Find the name of the current file being rendered in Quarto

I use Quarto to generate docx files. I like to include a section at the end of the qmd file that contains useful information (the Quarto version, the R version, the date and time of rendering, machine information). This information is useful later when I need to revisit the job. When I previously used RMarkdown, I was also able to extract the name of the Rmd file that was being processed, using a trick from someone (and I don't remember where...), like this (in the Rmd file itself):

This RMarkdown document has the filename r gsub(",.*$","",gsub("rmarkdown::render(","",commandArgs()[6],fixed=TRUE)).

For Quarto, the same trick does not work. Does anyone know any way to find out the name of the qmd file that is being rendered?

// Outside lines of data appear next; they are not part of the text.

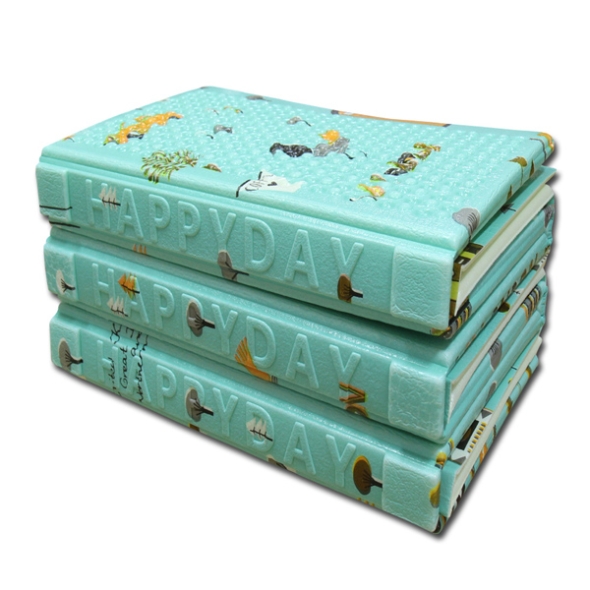 [해피데이] 국내산_코팅_3단 캠핑매트 런던_민트 [중/대]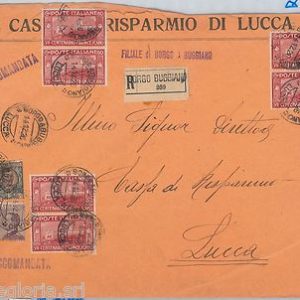 55465 -  REGNO - STORIA POSTALE:  BUSTA RACCOMANDATA da BORGO A BUGGIANO 1926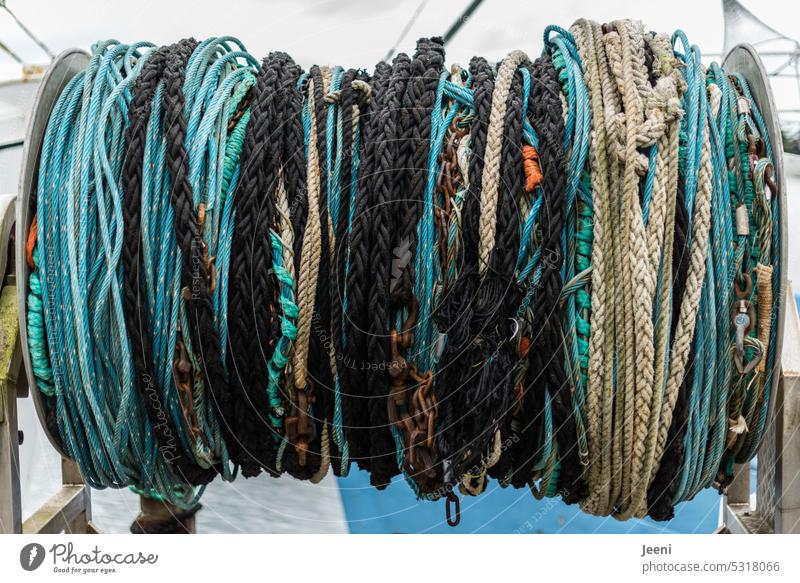 Fishing ropes fishing Lake River Net Harbour Fisherman Catch Baltic Sea North Sea Ocean Water coast Fishing (Angle) Tradition Muddled Work and employment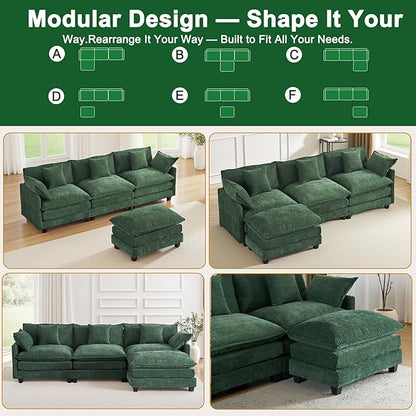 111.4" L-Shaped Cloud Chenille Sectional with Reversible Chaise, Flexible 3+1 Layout for Large Spaces, Deep Seat and Free Pillows Included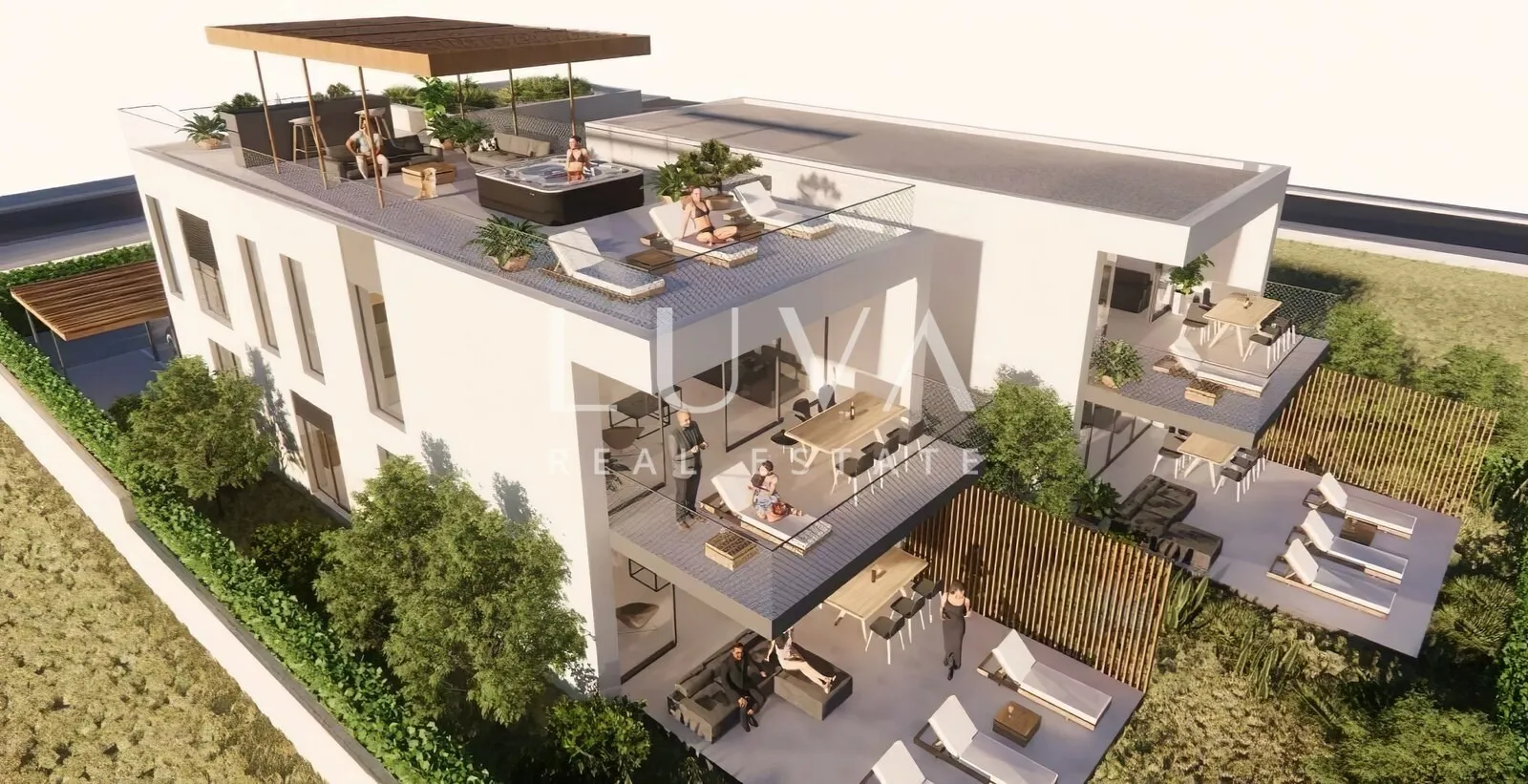 Ugljan, luksuzni apartman s vrtom prvi red do mora NKP 68,18 m2
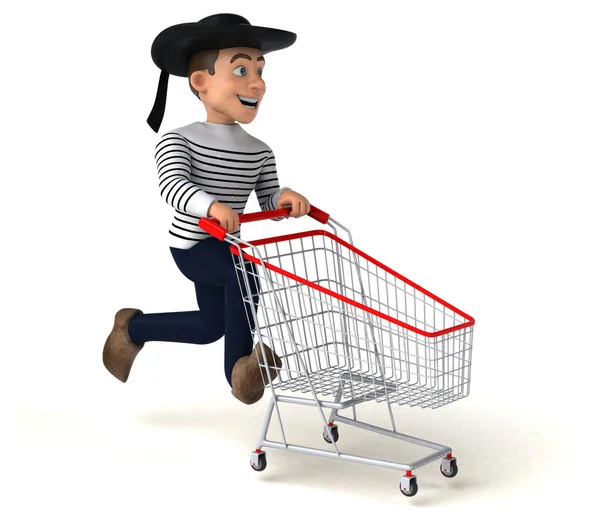 Fun Cartoon Breton Character Shopping — Stock Photo, Image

The quarto package can give some useful information, but not the rendering file.

Thanks
Stephen

I don't think we have the information stored and available from within Quarto - Maybe we could make this available in Variables system (Quarto – Variables)

The idea is tracked in

There is a Lua workaround there.

For current workaround, I am thinking of two thinks R specific

  • knitr has knitr::current_input() function. This will return the filename of the input being knitted. You won't get the original filename because it gets processed by Quarto and an intermediate file is passed to knitr but it is just a matter for extension so this would give you the filename

This is written in test2.qmd

---
format: html
---

The input `.qmd` file for this output is `` `r xfun::with_ext(knitr::current_input(), "qmd")` `` 

It returns this
image

  • Using quarto::quarto_render() and leveraging parameters

test.qmd document

---
format: html
params:
  input_file: ""
---

The input `.qmd` file for this output is `` `r params$input_file` `` 

rendered using

input <- "test2.qmd"
quarto::quarto_render(input, execute_params = list(input_file = input))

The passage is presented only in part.